* _What you will do_:
Of the lines in the material below, print only those from the one containing "Order Great Wall" to the one containing "From Bovec: Premium", ends included, exactly as written and without pictures.

Provided records START

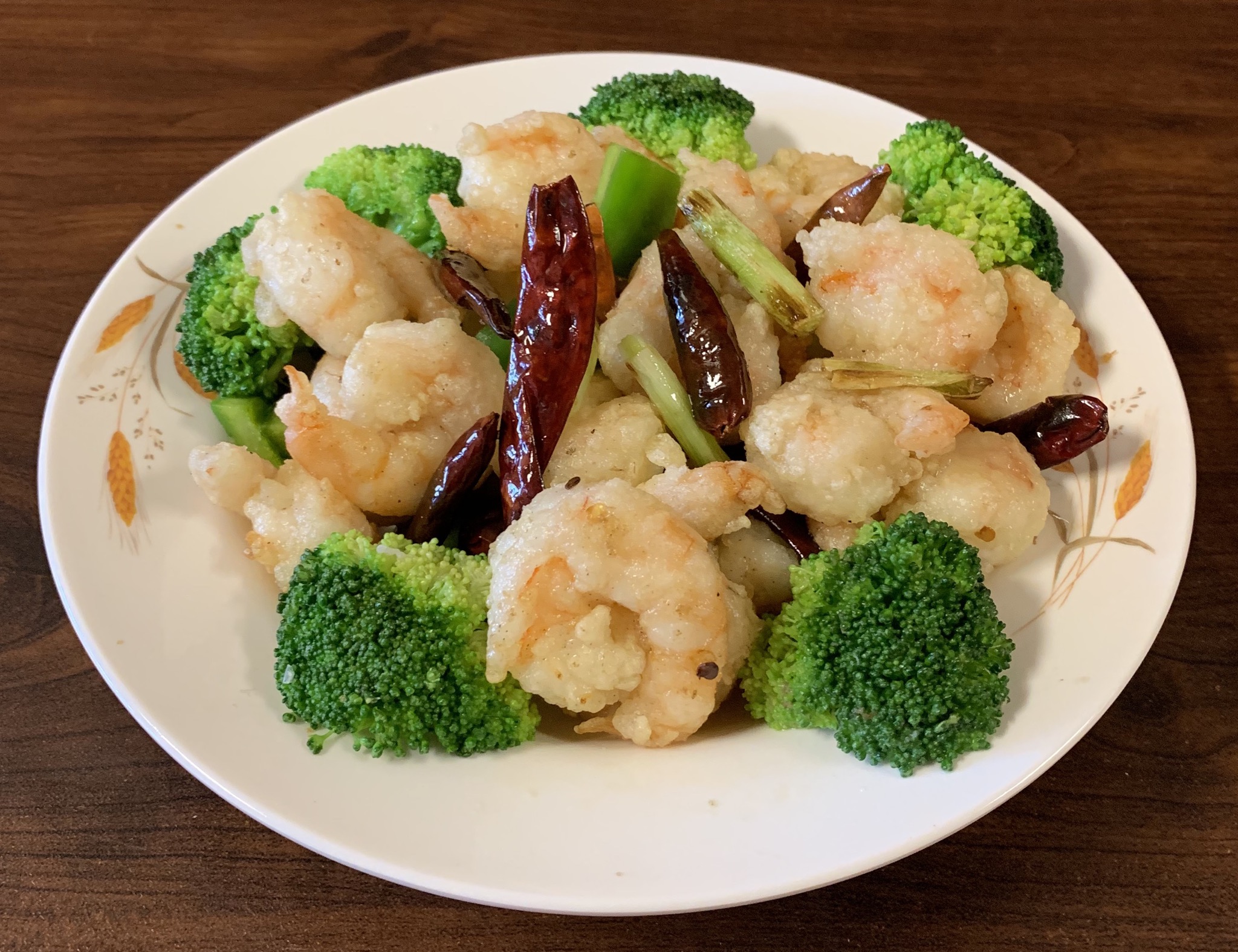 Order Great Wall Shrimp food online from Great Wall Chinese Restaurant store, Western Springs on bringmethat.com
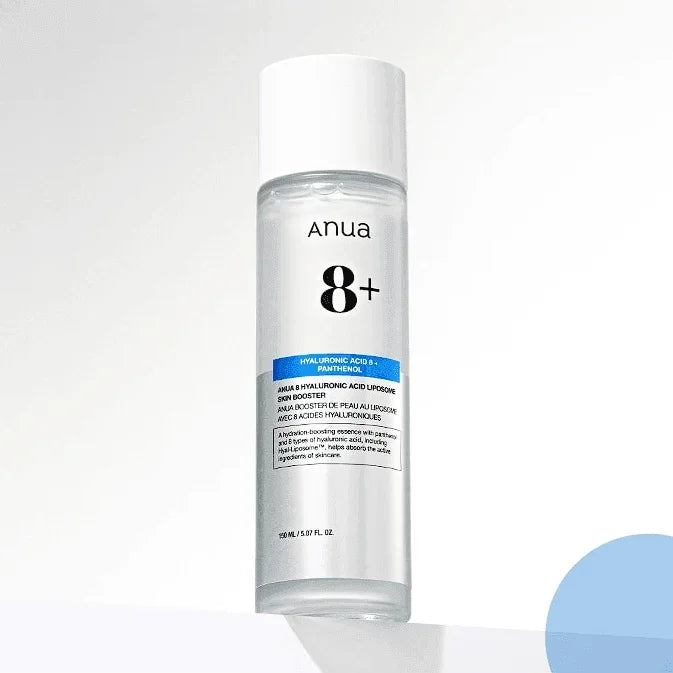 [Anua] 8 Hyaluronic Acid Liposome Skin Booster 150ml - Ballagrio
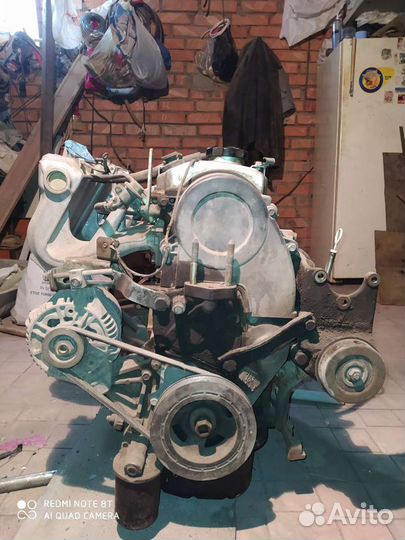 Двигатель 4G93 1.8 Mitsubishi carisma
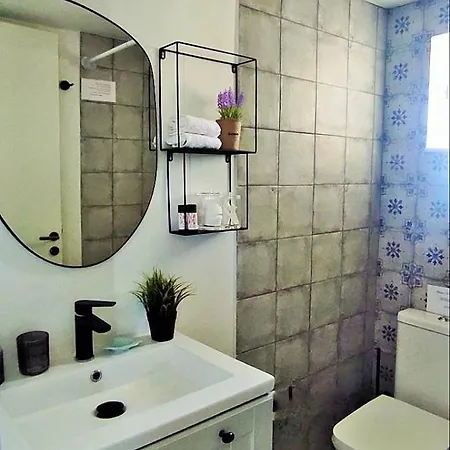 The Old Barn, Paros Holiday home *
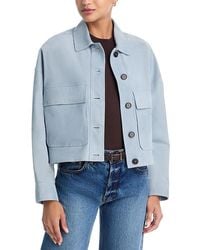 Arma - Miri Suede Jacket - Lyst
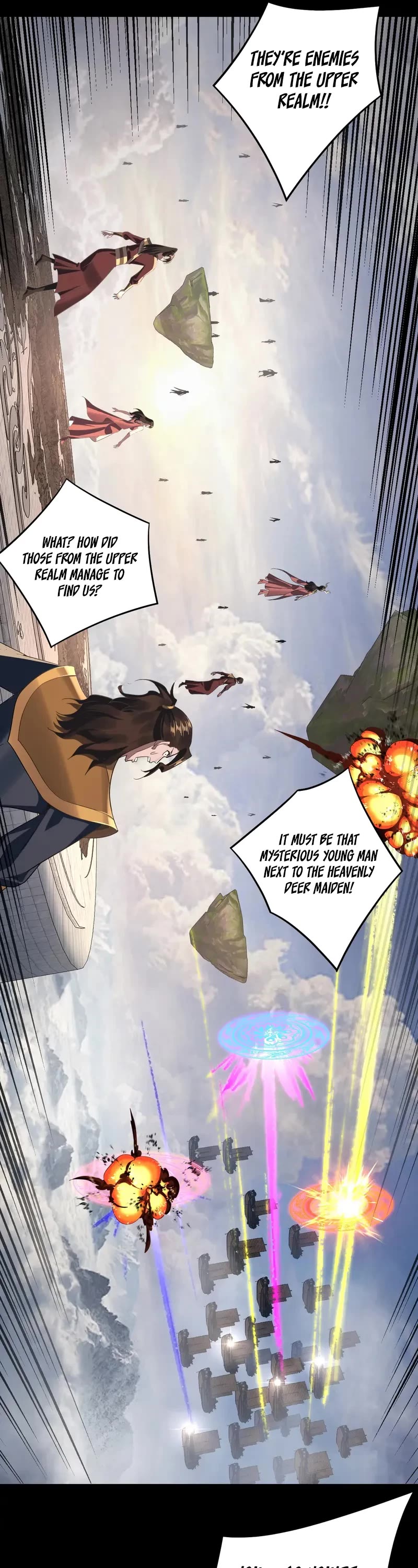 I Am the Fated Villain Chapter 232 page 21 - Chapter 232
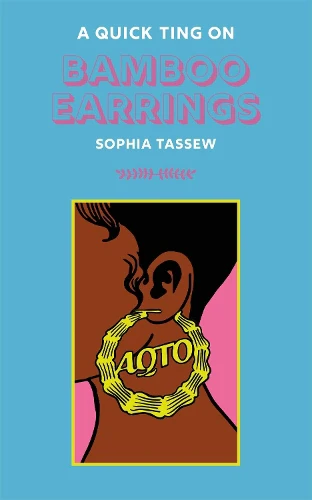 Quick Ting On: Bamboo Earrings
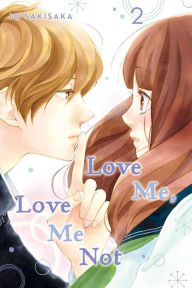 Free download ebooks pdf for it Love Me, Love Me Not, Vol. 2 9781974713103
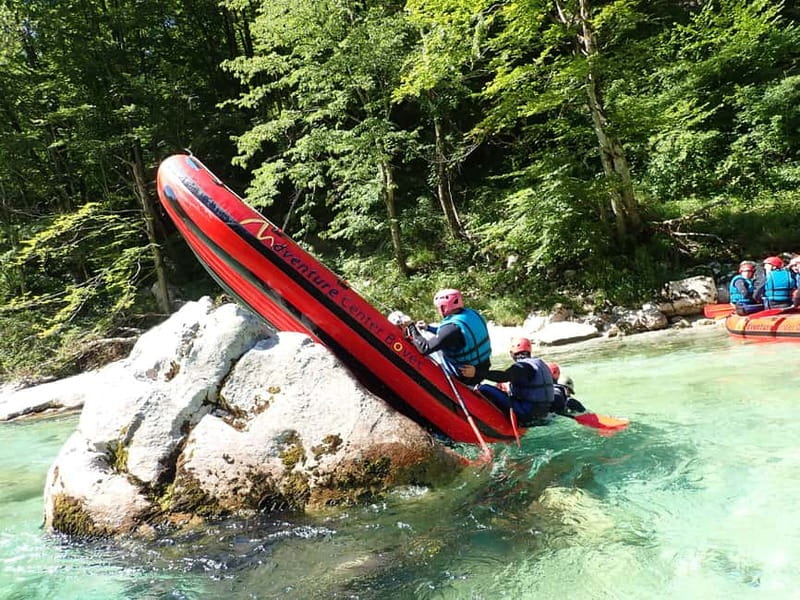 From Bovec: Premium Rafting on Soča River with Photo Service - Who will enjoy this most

Provided records END
Provided records START

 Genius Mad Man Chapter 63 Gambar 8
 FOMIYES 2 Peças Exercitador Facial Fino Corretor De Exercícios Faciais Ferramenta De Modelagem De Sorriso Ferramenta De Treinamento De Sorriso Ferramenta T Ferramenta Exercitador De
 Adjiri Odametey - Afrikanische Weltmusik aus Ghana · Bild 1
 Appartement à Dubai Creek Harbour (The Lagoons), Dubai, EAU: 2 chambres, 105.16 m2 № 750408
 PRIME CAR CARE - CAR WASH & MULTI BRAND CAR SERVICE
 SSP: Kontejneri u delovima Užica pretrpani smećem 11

Provided records END
Provided records START

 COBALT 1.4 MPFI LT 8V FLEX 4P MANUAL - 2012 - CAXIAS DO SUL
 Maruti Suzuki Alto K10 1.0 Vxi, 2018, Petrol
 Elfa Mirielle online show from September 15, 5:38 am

Provided records END

* _Task output_:
 Order Great Wall Shrimp food online from Great Wall Chinese Restaurant store, Western Springs on bringmethat.com
 [Anua] 8 Hyaluronic Acid Liposome Skin Booster 150ml - Ballagrio
 Двигатель 4G93 1.8 Mitsubishi carisma
 The Old Barn, Paros Holiday home *
 Arma - Miri Suede Jacket - Lyst
 I Am the Fated Villain Chapter 232 page 21 - Chapter 232
 Quick Ting On: Bamboo Earrings
 Free download ebooks pdf for it Love Me, Love Me Not, Vol. 2 9781974713103
 From Bovec: Premium Rafting on Soča River with Photo Service - Who will enjoy this most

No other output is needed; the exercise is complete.